## Data extracts
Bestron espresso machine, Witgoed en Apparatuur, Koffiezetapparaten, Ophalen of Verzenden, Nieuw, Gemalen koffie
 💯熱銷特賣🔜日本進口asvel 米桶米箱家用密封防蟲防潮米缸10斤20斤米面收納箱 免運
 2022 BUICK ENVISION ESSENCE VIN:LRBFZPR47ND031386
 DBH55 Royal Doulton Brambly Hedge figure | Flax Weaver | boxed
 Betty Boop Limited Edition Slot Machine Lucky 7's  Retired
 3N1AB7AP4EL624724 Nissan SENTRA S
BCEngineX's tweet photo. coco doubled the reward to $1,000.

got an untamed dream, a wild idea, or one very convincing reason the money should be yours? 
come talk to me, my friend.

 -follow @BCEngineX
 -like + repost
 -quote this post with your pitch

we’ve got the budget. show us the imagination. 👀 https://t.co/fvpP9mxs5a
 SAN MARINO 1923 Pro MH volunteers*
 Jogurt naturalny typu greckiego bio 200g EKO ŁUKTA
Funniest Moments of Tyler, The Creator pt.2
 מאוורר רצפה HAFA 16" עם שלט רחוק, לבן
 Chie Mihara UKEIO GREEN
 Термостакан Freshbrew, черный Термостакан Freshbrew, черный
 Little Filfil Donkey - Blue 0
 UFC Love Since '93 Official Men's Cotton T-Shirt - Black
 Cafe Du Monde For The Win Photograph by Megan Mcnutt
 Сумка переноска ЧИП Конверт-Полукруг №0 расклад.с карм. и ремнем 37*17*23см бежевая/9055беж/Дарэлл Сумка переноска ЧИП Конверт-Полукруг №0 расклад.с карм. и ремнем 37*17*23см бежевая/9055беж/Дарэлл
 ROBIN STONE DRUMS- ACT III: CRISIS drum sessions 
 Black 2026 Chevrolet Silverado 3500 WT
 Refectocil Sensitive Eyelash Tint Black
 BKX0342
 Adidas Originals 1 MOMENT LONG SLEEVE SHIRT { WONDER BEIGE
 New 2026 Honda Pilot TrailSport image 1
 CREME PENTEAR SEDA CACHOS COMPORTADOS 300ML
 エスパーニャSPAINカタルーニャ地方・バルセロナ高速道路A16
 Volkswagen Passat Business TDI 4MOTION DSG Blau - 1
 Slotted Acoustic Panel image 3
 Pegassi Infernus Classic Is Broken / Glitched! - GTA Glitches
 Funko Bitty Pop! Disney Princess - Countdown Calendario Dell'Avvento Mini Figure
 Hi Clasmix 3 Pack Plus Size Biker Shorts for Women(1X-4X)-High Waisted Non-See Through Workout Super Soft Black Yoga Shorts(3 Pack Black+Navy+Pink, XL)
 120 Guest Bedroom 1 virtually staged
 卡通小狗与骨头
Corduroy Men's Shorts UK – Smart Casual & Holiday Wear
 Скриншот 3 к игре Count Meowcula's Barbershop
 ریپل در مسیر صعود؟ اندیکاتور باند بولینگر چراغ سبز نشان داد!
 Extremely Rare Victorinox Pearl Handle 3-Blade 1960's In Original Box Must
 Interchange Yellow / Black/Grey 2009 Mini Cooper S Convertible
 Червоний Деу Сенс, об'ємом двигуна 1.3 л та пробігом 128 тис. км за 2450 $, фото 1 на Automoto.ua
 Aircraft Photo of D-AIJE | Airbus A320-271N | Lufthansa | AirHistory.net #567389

## Task to complete
The whole listing should be copied verbatim.

## Task response
Bestron espresso machine, Witgoed en Apparatuur, Koffiezetapparaten, Ophalen of Verzenden, Nieuw, Gemalen koffie
 💯熱銷特賣🔜日本進口asvel 米桶米箱家用密封防蟲防潮米缸10斤20斤米面收納箱 免運
 2022 BUICK ENVISION ESSENCE VIN:LRBFZPR47ND031386
 DBH55 Royal Doulton Brambly Hedge figure | Flax Weaver | boxed
 Betty Boop Limited Edition Slot Machine Lucky 7's  Retired
 3N1AB7AP4EL624724 Nissan SENTRA S
BCEngineX's tweet photo. coco doubled the reward to $1,000.

got an untamed dream, a wild idea, or one very convincing reason the money should be yours? 
come talk to me, my friend.

 -follow @BCEngineX
 -like + repost
 -quote this post with your pitch

we’ve got the budget. show us the imagination. 👀 https://t.co/fvpP9mxs5a
 SAN MARINO 1923 Pro MH volunteers*
 Jogurt naturalny typu greckiego bio 200g EKO ŁUKTA
Funniest Moments of Tyler, The Creator pt.2
 מאוורר רצפה HAFA 16" עם שלט רחוק, לבן
 Chie Mihara UKEIO GREEN
 Термостакан Freshbrew, черный Термостакан Freshbrew, черный
 Little Filfil Donkey - Blue 0
 UFC Love Since '93 Official Men's Cotton T-Shirt - Black
 Cafe Du Monde For The Win Photograph by Megan Mcnutt
 Сумка переноска ЧИП Конверт-Полукруг №0 расклад.с карм. и ремнем 37*17*23см бежевая/9055беж/Дарэлл Сумка переноска ЧИП Конверт-Полукруг №0 расклад.с карм. и ремнем 37*17*23см бежевая/9055беж/Дарэлл
 ROBIN STONE DRUMS- ACT III: CRISIS drum sessions 
 Black 2026 Chevrolet Silverado 3500 WT
 Refectocil Sensitive Eyelash Tint Black
 BKX0342
 Adidas Originals 1 MOMENT LONG SLEEVE SHIRT { WONDER BEIGE
 New 2026 Honda Pilot TrailSport image 1
 CREME PENTEAR SEDA CACHOS COMPORTADOS 300ML
 エスパーニャSPAINカタルーニャ地方・バルセロナ高速道路A16
 Volkswagen Passat Business TDI 4MOTION DSG Blau - 1
 Slotted Acoustic Panel image 3
 Pegassi Infernus Classic Is Broken / Glitched! - GTA Glitches
 Funko Bitty Pop! Disney Princess - Countdown Calendario Dell'Avvento Mini Figure
 Hi Clasmix 3 Pack Plus Size Biker Shorts for Women(1X-4X)-High Waisted Non-See Through Workout Super Soft Black Yoga Shorts(3 Pack Black+Navy+Pink, XL)
 120 Guest Bedroom 1 virtually staged
 卡通小狗与骨头
Corduroy Men's Shorts UK – Smart Casual & Holiday Wear
 Скриншот 3 к игре Count Meowcula's Barbershop
 ریپل در مسیر صعود؟ اندیکاتور باند بولینگر چراغ سبز نشان داد!
 Extremely Rare Victorinox Pearl Handle 3-Blade 1960's In Original Box Must
 Interchange Yellow / Black/Grey 2009 Mini Cooper S Convertible
 Червоний Деу Сенс, об'ємом двигуна 1.3 л та пробігом 128 тис. км за 2450 $, фото 1 на Automoto.ua
 Aircraft Photo of D-AIJE | Airbus A320-271N | Lufthansa | AirHistory.net #567389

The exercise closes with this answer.